#### Supplied information
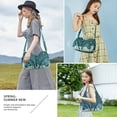 thumbnail image 5 of Angelkiss Hobo Shouder Purses for Women Crossbody Bag with Adjustable Long Straps Ultra Soft with Multiple Pockets, 5 of 5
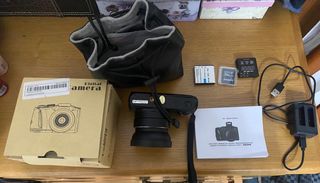 Cámara digital 4K UHD negra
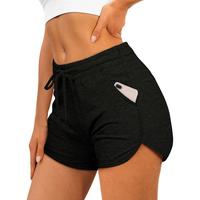 OFEEFAN Womens Athletic Shorts Running Dolphin Shorts with Pockets and Drawstring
########
Your reply should consist solely of the lines from the one containing "Cámara digital 4K UHD negra" through the last line of the material, reproduced exactly and without pictures.

 Cámara digital 4K UHD negra
 OFEEFAN Womens Athletic Shorts Running Dolphin Shorts with Pockets and Drawstring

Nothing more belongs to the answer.